Segment Start: INFORMATION PROVIDED

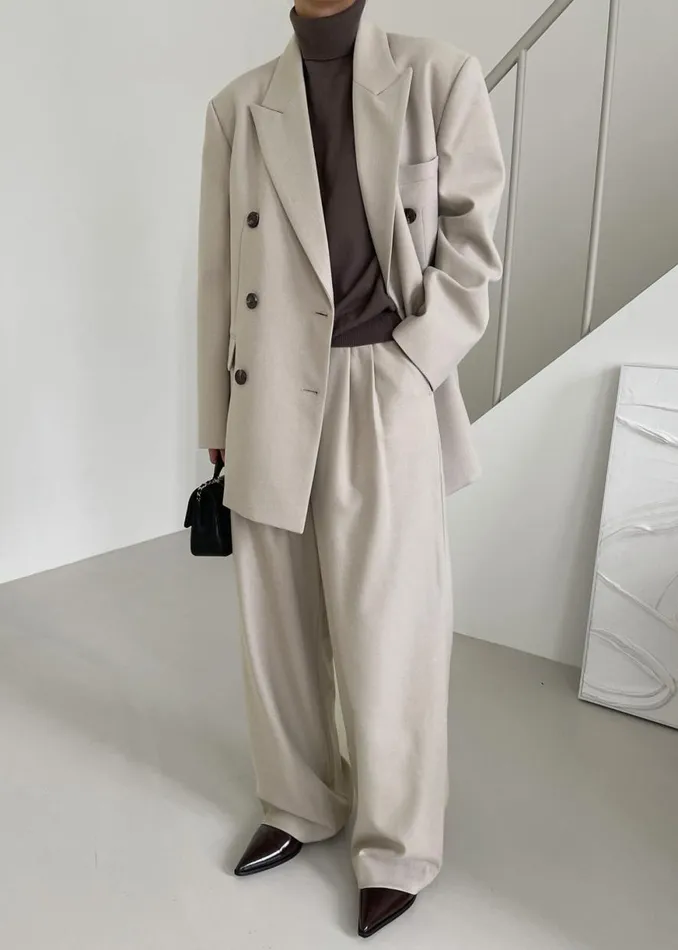 The Frankie Shop Vance Double Breasted Blazer 8211 Beige Shop Outerwear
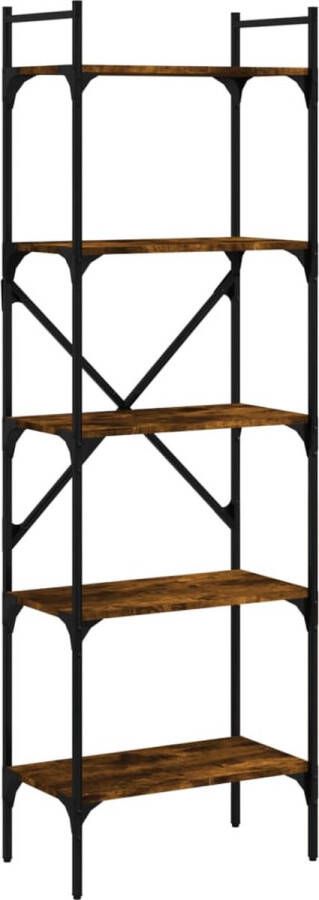 VidaXL Boekenkast 5-laags Gerookt Eiken 174 cm Boekenkast Industrieel Houten Boekenkast Bruine Boekenkast Bibliotheek Opslagoplossing Woonaccessoires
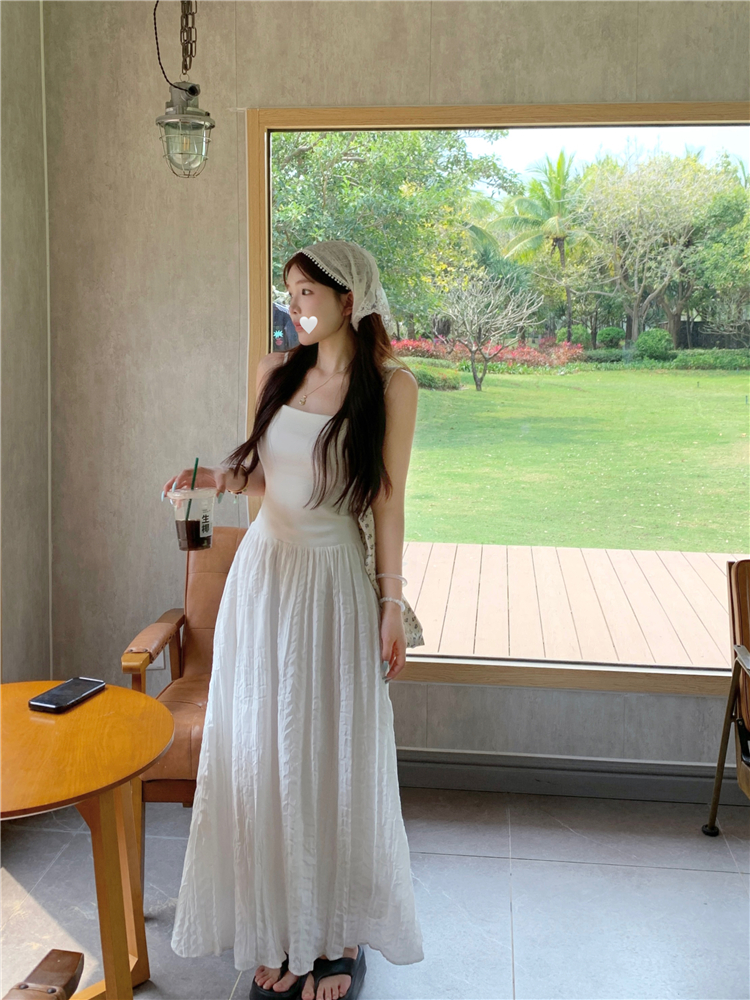 Real shot~Spring new French sweet retro gentle style suspender dress for women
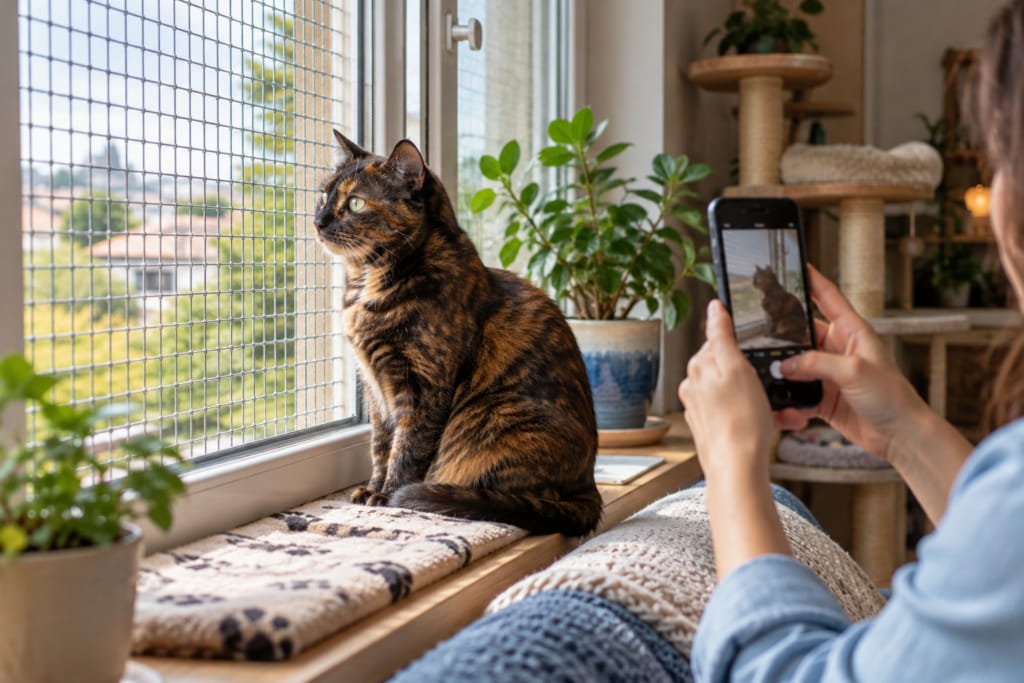 Une personne photographie un chat écaille de tortue installé à l’intérieur près d’une fenêtre protégée par un filet sécurisé.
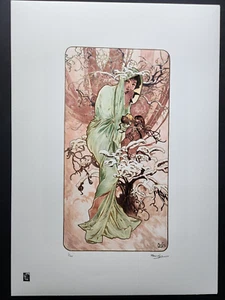 ALFONS MARIA MUCHA Impreso Gráfico, Firmado, Hoja 11/100, 50x70cm - Imagen 1 de 3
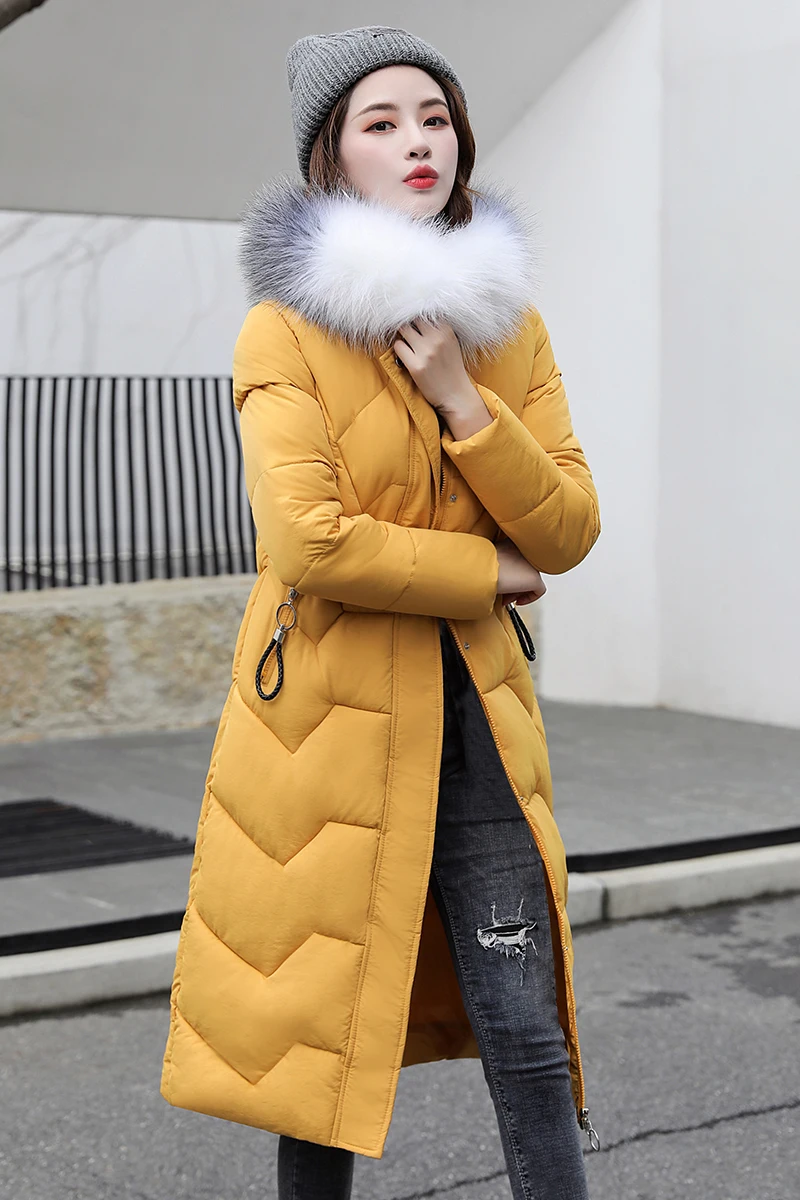 

women Down jacket cotton clothing female long section Korean version of the loose knee coats 2019 winter large size large fur collar cotton jacket Jackets 3XL Outwear mujer Black blue red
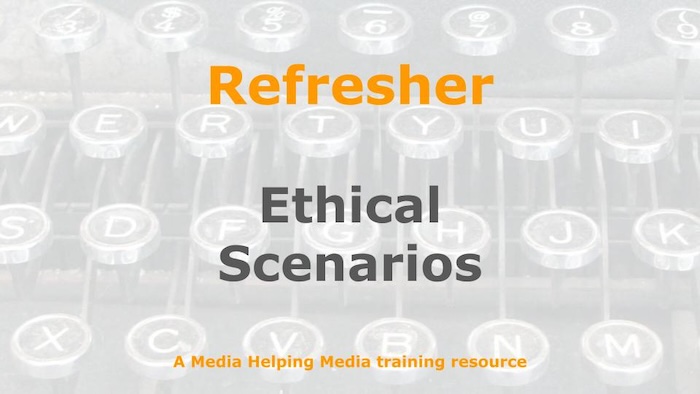 Graphic for a one-day refresher course on Media Helping Media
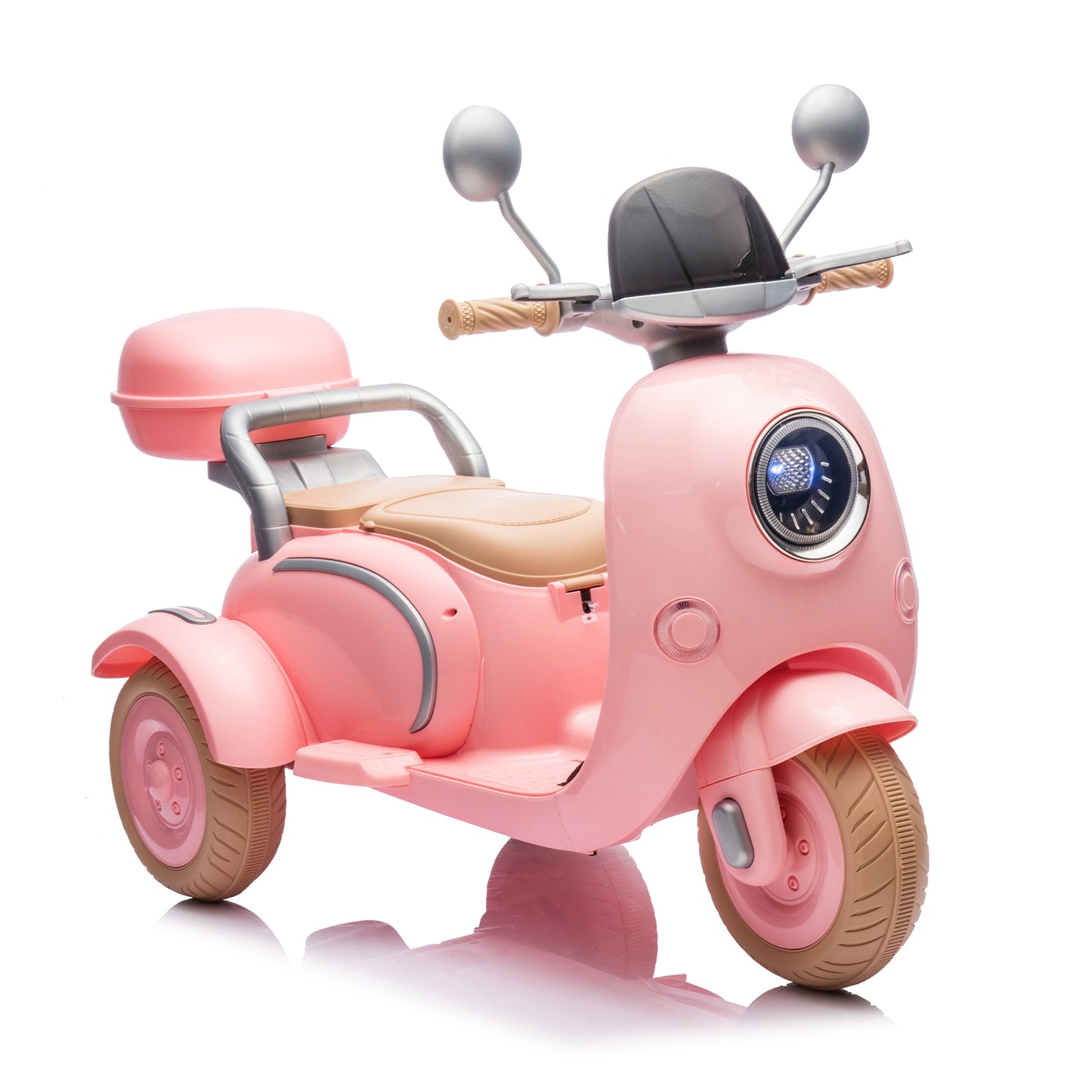 12V Two Motors Kids Ride On Level Up Two-seater  Electric Motorcycle,Three-wheel Toy W Music,Bluetooth,USB,Backseat Flip Seat,Portable Storage Hooks&Oversized  Trunk,LED Headlight  For Kids 3-6.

Segment End: INFORMATION PROVIDED

INSTRUCTIONS FOR THE TASK:
Nothing but the text is wanted: repeat the data above exactly, without its images.

OUTPUT:
 The Frankie Shop Vance Double Breasted Blazer 8211 Beige Shop Outerwear
 VidaXL Boekenkast 5-laags Gerookt Eiken 174 cm Boekenkast Industrieel Houten Boekenkast Bruine Boekenkast Bibliotheek Opslagoplossing Woonaccessoires
 Real shot~Spring new French sweet retro gentle style suspender dress for women
 Une personne photographie un chat écaille de tortue installé à l’intérieur près d’une fenêtre protégée par un filet sécurisé.
 ALFONS MARIA MUCHA Impreso Gráfico, Firmado, Hoja 11/100, 50x70cm - Imagen 1 de 3

women Down jacket cotton clothing female long section Korean version of the loose knee coats 2019 winter large size large fur collar cotton jacket Jackets 3XL Outwear mujer Black blue red
 Graphic for a one-day refresher course on Media Helping Media
 12V Two Motors Kids Ride On Level Up Two-seater  Electric Motorcycle,Three-wheel Toy W Music,Bluetooth,USB,Backseat Flip Seat,Portable Storage Hooks&Oversized  Trunk,LED Headlight  For Kids 3-6.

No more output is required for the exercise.